When Tang Peng met his ex-classmates at a recent party, he found most of them had changed their jobs in the past few years.
"I was shocked by the drastic change of people's careers," said Tang, who has been serving in the General Office of Shannxi Province since graduating from college 16 years ago.
Only a few of the 30-plus people were still in their original jobs, and some had even changed five or six times, Tang said.
A similar thing happened to Hai Feng, who found he was the only one in his class who had not changed jobs since his graduation four years ago.
"I was informed from time to time by my ex-classmates of their new addresses and numbers," said Hai, a media employee in Xi'an who graduated from the economic department of Peking University.
Like Tang and Hai, more people have a wider choice of jobs in today's China, which enables them to re-define and achieve their ambitions.
However, such freedom was not available to the elder generation, who was given one job by the state after graduation and remained in it all their lives.
"In my days, people kept one lifelong job, regardless of whether they were satisfied with it, unlike the young nowadays," said Hai Feng's father, who retired from the same factory where he began his working career.
In the past, job changes were strictly controlled through residence registration. Most of the time, each Chinese had only one job in a system known as the "iron rice bowl".

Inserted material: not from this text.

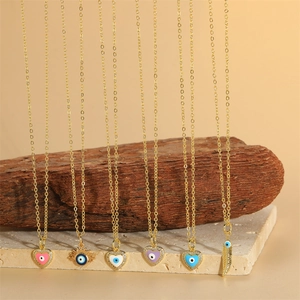 Gold evil eye pendant necklaces with heart and feather shapes on marble background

Moreover, parents often handed over their positions to children to keep a "good and stable job". As a result, many Chinese people took jobs they didn't like or were not good at, and often remained so for life.
However, since China began the gradual transition to a socialist market economy in the 1980s, the government has been reforming the residence registration system. More people, especially the talented people, found jobs that suited them. To change jobs has thus become easier and more frequent.
Zhang Kejun, a Xi'an resident who began working in the early 1980s, was first a cadre in the local branch of the Communist Youth League, and then on the staff of a local newspaper.
After working as a journalist, a liaison officer for a Hong Kong-based media company and a freelancer, Zhang now works as deputy manager of a state-owned enterprise in Beijing.
"I have had a zigzagging career," said Zhang.
Zhang was one of the first people to give up their job to hunt for a new one. At that time, turning to business was described as "going into sea" and changing jobs was called "jumping from one trough to another".
However, it was only in the 1990s that changing jobs became commonplace.
In today's China, the iron rice bowls are disappearing as China reforms governmental branches as well as the personnel management of enterprises.
Lifelong occupations are being replaced by employment contracts, and college graduates are choosing jobs independently. Like Zhang Kejun. More people are adjusting their career goals by looking for more suitable jobs.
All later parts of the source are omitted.